前回は神ノ川ヒュッテ側から上りましたが、林道の荒廃が激しくて半分くらいは自転車を押して歩きました。その時の印象から、この林道はもう自転車で楽しめる状態ではないと判断したんです。その後も状態が改善されたという情報はありませんが、丹沢湖側から犬越路へ至る道だけでも走りたくなり往復することにしました。実に5年ぶりです。

ルート 163km △2,519m
クリックするとRWGPSでZoomできるようになります。


朝の出発は早起きして5時半にしました。犬越路まで80km弱ありますので、お昼前後に着いて後半に余裕を持ちたかったからです。余力があれば大野山の山腹ルートへも上がりたかったし。

普段より2時間早い朝は新鮮です。座間を抜けて西へ進む道は、周囲はまだ起きていない感じがします。それも厚木を過ぎてR246へ入ると何時もの日曜と同じになってしまいました。そして向かい風との闘い。風には強いリカンベントですが、この日の風は強者でした。

善波峠をゆっくり上り、秦野から渋沢へだらだら上りの後は松田へ下ります。四十八瀬川を渡るところから表丹沢を望みます。傍らの木に札が掛けられていました。[ 榎 ] だそうです。


旧道で川沿いを下って行くと途中に馬舎があります。今日は2頭いました。停まったらこちらを向いたので近寄ると、馬達も寄ってきてくれました。鼻も撫で撫でさせてくれましたよ。まだ若そうな2頭でした。



松田のコンビニで昼食のおにぎりと調理パンを買って再スタート。山北の茅葺は大きさも敷地も立派です。いつだったか途中で出会った若者サイクリスト二人を連れて庭へ入り、住人にもてなされたことがあります。


八丁の分岐、山北橋。


R246は山北から丹沢湖の入口までの区間はバイパス道があるので旧道へ入ります。こちらは殆ど車は走っていません。バイパスを造ることで短縮される時間がそれほど価値のあることなんでしょうか。ま、僕らサイクリストにとっては旧道を楽しめてありがたいですけどね。



R246を離れて右折し、丹沢湖を目指します。新しい東名高速の橋脚が繋がりました。


ダムへ上る道は何処も急坂ですがここは比較的短いです。途中で旧道(玄倉方面)へ入ると車が少ないので助かります。

どこかで何か飲みたいと思いながら進むも、自販機は幾つかあるんですが落ち着く場所がなかなかありません。中川温泉まで行った所で停まりました。そこは以前にも立ち寄った所。毎回同じになるんです。

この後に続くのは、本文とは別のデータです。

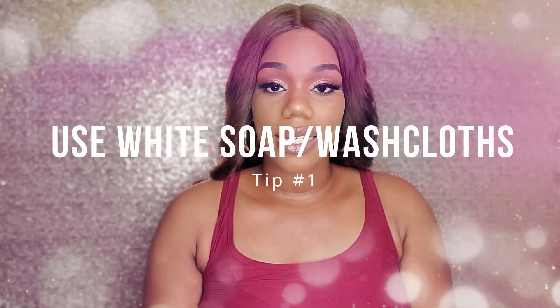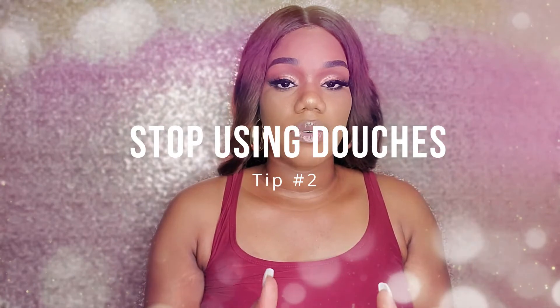My first tip is to use white and unscented soap and towels. Most soaps, vaginal wipes, and vaginal sprays contain perfume and dyes that can throw off our pH balance down there, which can lead to bacteria and yeast infections. It's best to use white, unscented feminine wash and a white washcloth or your hands — never use pink, purple, or any colored washcloth, as they are dyed.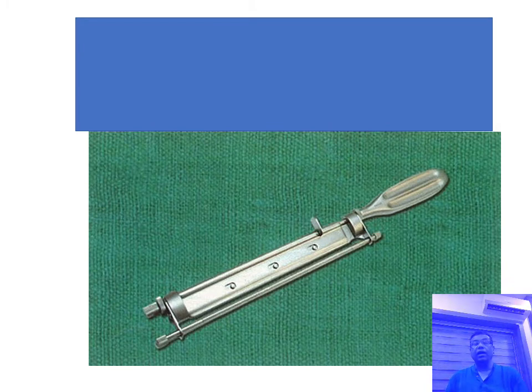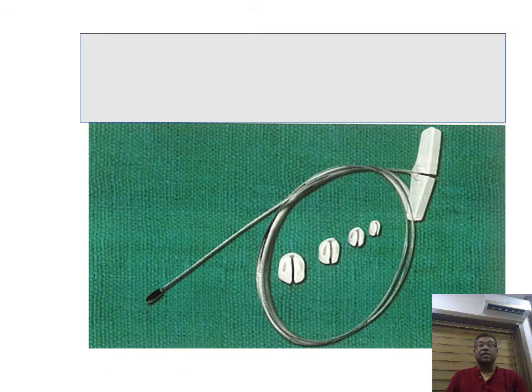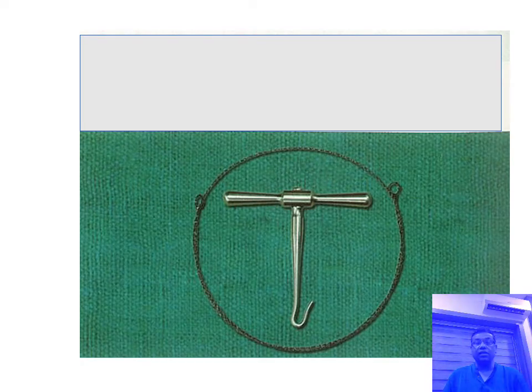This is a Humby knife, used for taking superficial skin grafts. This instrument is called the Humby knife. This is a Mayo stripper, used for varicose vein surgery for patients with perforator incompetence after sapheno-femoral ligation. This is a Gigli saw, used for bony divisions — it has two hooks on either end that can be held and used to cut bones, including long bones, mandible, or maxilla when performing maxillectomy or mandiblectomy procedures.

だらだらとした上りが続きますが、久しぶりなので飽きません。意外と車が多いのは奥にキャンプ施設があるためでしょう。少々鬱陶しい。

箒杉に着きました。樹齢2000年と言われていますが、僕が初めて来た時からそう言われているので、既に2040年超です。立ち寄るのは帰りにします。


箒杉の下に水が湧いてたのでボトルへ入れました。今までは上の道を通っていたので気が付きませんでした。

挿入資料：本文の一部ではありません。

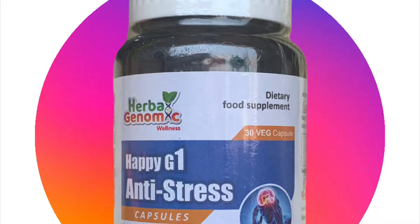Before I start the video I would like to make you acquainted with this product called Happy G1 Anti-Stress by Herba Genomic Wellness. This product is effective in your fight against commonplace present-day complications like stress and depression, which have become an inseparable part of our lives post-pandemic. I would say this product is a one-stop solution in case you want to relieve yourself from headache, migraine, and other kinds of mental fatigue. In case you want to order this product, the links are in the description box.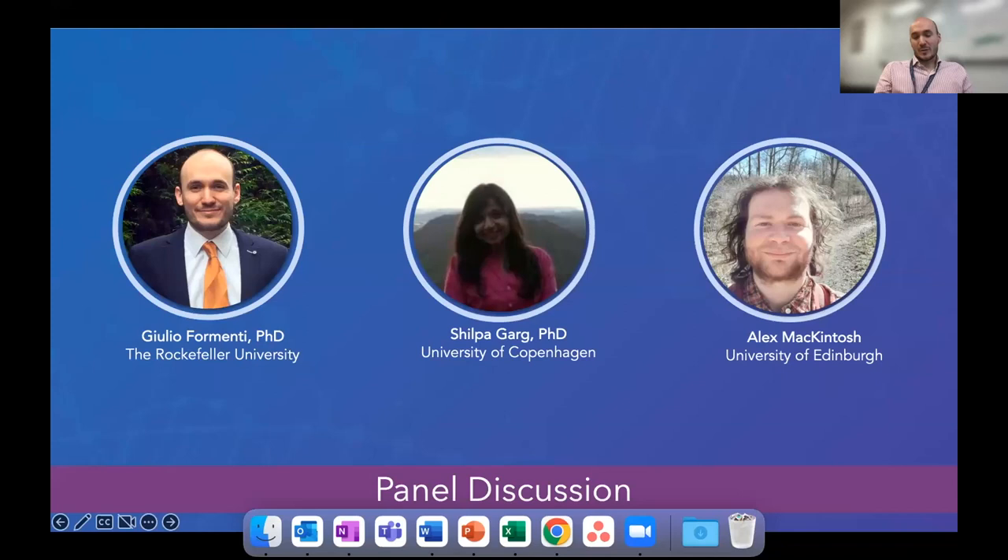Giulio, what I think is really happening now — thanks to technologies such as ARIMA — is that we can really sample the tree of life densely. We can generate a representation of the tree of life that is both in breadth and depth really excellent. As projects progress under the Earth BioGenome Project umbrella, we will have a very accurate picture of life. I think that will help us answer one of the most interesting questions for biologists: the origins and evolution of life on Earth.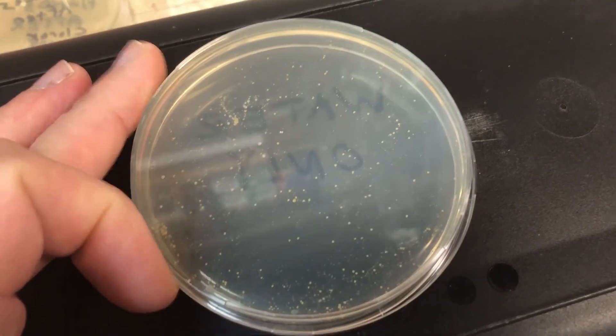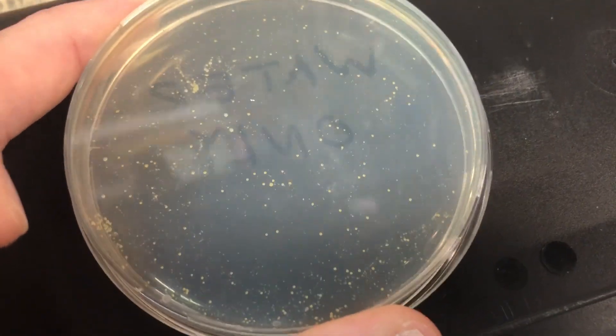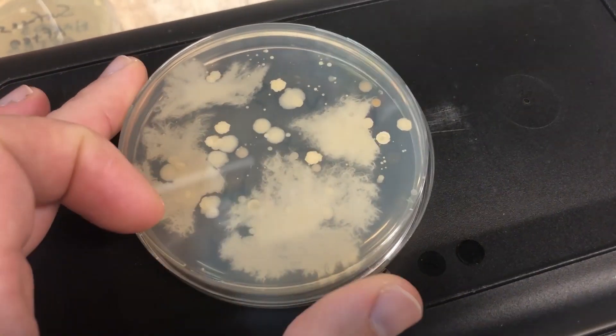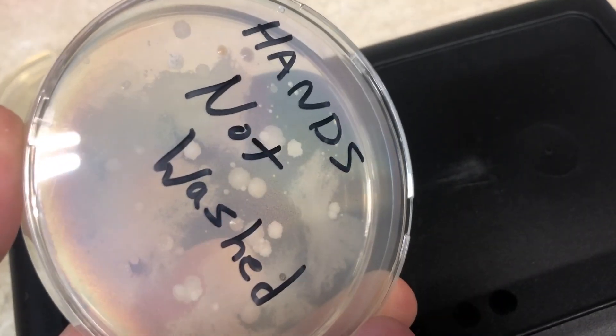The first dish is the water-only control, where I dribbled tap water directly onto the dish. You can see there is definitely some bacteria in the water — not a lot compared to the other petri dishes, but it's there. Next up is the petri dish where I touched my fingers without washing my hands. Check that out — there's a lot growing on there.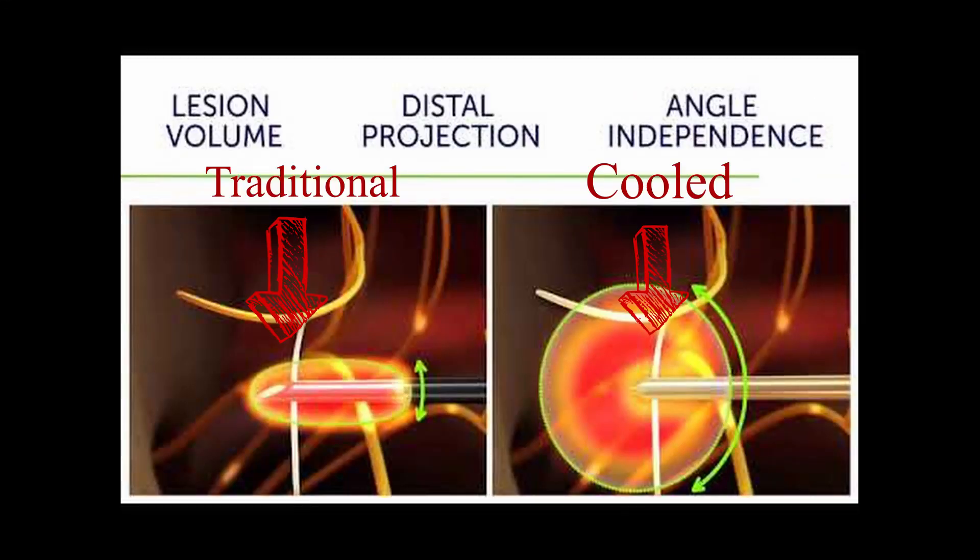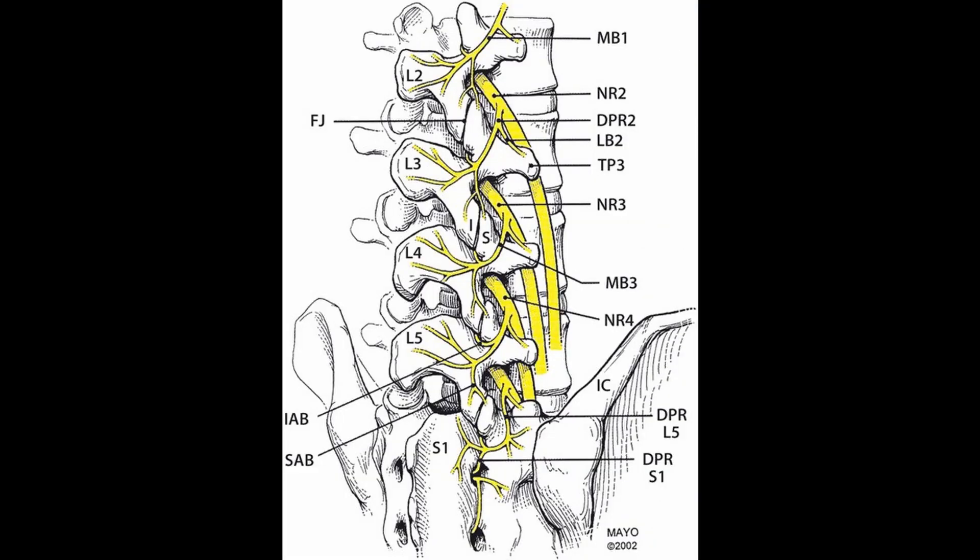In lieu of that, you could do something called cooled radiofrequency. Most patients think it will feel cool like ice — it's not. The 'cooled' is a bit of a misnomer. What it does is apply cooling to the tip of the needle, which creates a larger burn — a larger heat application that distributes itself without causing damage. The reason is that innervation to the joint can vary from person to person and joint to joint, so traditional heat application can sometimes miss. Cooled radiofrequency decreases the likelihood of missing and can provide a larger lesion, which provides a longer period of pain relief — sometimes nine to twelve months or even longer.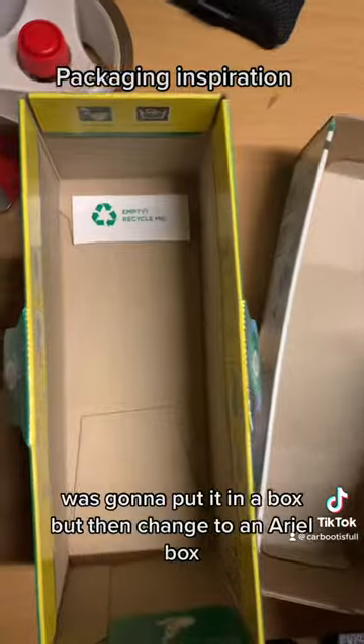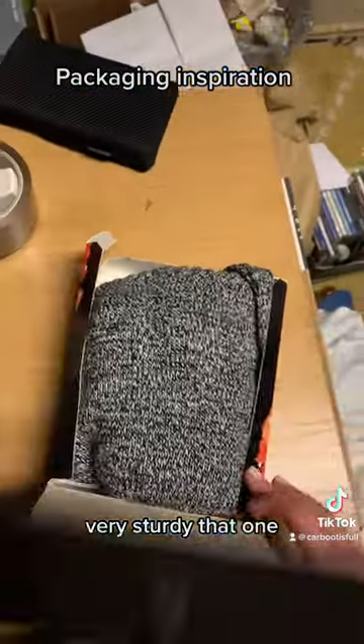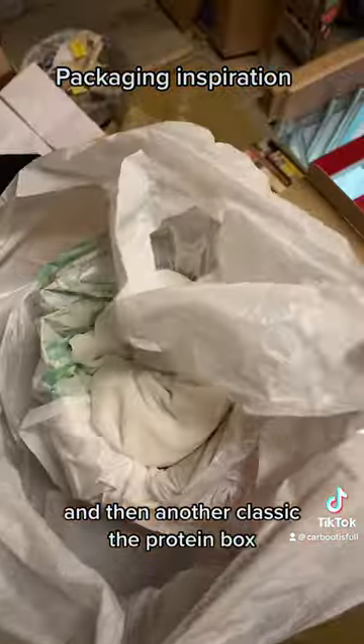Up next, some trousers — was going to put it in a box but then changed to an aerial box. Very sturdy that one. And then another classic: the protein box.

キャンプ施設の所にだけ人が溢れていました。素通りして少し行くと犬越路への分岐です。ここにも水が流れていて以前はここで補給していました。


林道はそれほど荒れておらず、定期的に車が入っている感じです。緑に覆われてガードレールや路肩は苔むし、目も緑に染まります。よくいたマムシやアオダイショウは今回はいませんでした。


犬越路ではこれまでも大抵はサイクリストに出会ってきましたが、今回もロードバイクが一人下ってきました。古くからある大きな峠には集まってきます。
「凄いですね~」すれ違った後に『往復ですか?』と声を掛けましたが聞こえなかったようです。越えて来たなら道の様子を確認したかったのに。

脚に疲れを感じて初めたころ犬越路隧道に着きました。大きいトンネルです。そして長い。もちろん照明はありませんのでライト必須です。


大気汚染観測の施設が出来ていました。以前は奥にあったんですが、道が荒廃したからでしょうか。奥の施設もそのまま存続しているようでした。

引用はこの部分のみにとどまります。